US 12,436,961 B2
Machine learning apparatus for data lineage transformation
Colm Fitzmaurice, Winona, MN (US)
Assigned to Bank of America Corporation, Charlotte, NC (US)
Filed by Bank of America Corporation, Charlotte, NC (US)
Filed on Nov. 7, 2023, as Appl. No. 18/387,710.
Prior Publication US 2025/0147747 A1, May 8, 2025
Int. Cl.

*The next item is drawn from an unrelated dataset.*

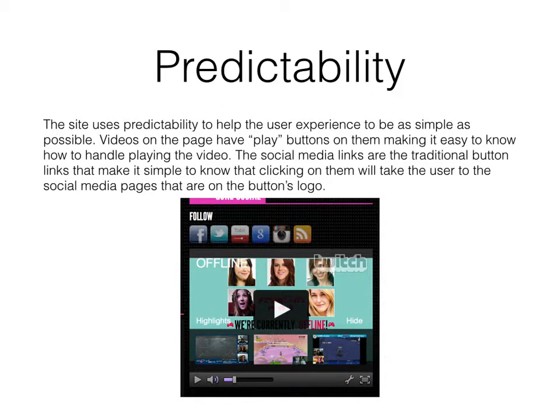The site uses predictability to help the user experience be as simple as possible. Videos on the page have play buttons on them, making it easy to know how to handle playing the video. The social media links are the traditional button links that make it simple to know that clicking on them will take the user to the social media pages shown on the button's logo.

G06F 16/24 (2019.01); G06F 16/21 (2019.01); G06F 16/2458 (2019.01)
CPC G06F 16/2468 (2019.01) [G06F 16/219 (2019.01)] 20 Claims
OG exemplary drawing
 
1. Apparatus for leveraging machine learning (“ML”) to selectively update stored code with updated code, the apparatus comprising:
machine readable memory configured to store a plurality of technical data element identifiers (“TDEIs”);
a computer configured to receive a query for data lineage information corresponding to a first TDEI associated with a first data lineage source;
a processor configured to leverage ML to:
identify a level of commonality between the first TDEI and a second TDEI, wherein the level of commonality is greater than both a threshold length percentage and a threshold alpha-numerical matching percentage;
identify data lineage information for the second TDEI corresponding to a second data lineage source;
determine whether the first TDEI and the second TDEI share a threshold level of commonality, wherein the threshold level of commonality is greater than a threshold number of alpha-numerical matches associated with both the first TDEI and the second TDEI;
following a determination that the first TDEI and the second TDEI share a level of commonality that is greater than the threshold level of commonality, identify one or more mismatches between the first TDEI and the second TDEI, a mismatch being a difference in an alpha-numerical symbol in both the first TDEI and the second TDEI; and
determine whether a threshold number of mismatches exists between the first TDEI and the second TDEI; and
an electronic switch configured to:
in response to a determination that a threshold number of mismatches does not exist between the first TDEI and the second TDEI, running a script to access a plurality of data files and to overwrite data lineage information in the data files, and generating a display on a graphical user interface (“GUI”) to prompt a user to overwrite the first TDEI with the second TDEI in a storage location containing the first TDEI, wherein the overwriting accelerates the running of the script and reduces a bandwidth of the computer;
in response to a determination that a threshold number of mismatches exists between the first TDEI and the second TDEI, maintain the second TDEI in the storage location containing the first TDEI; and
in response to a failure of the electronic switch to output a determination regarding a threshold number of mismatches existing between the first TDEI and the second TDEI, taking remedial action by generating a display on the GUI to prompt the user to input a new search query.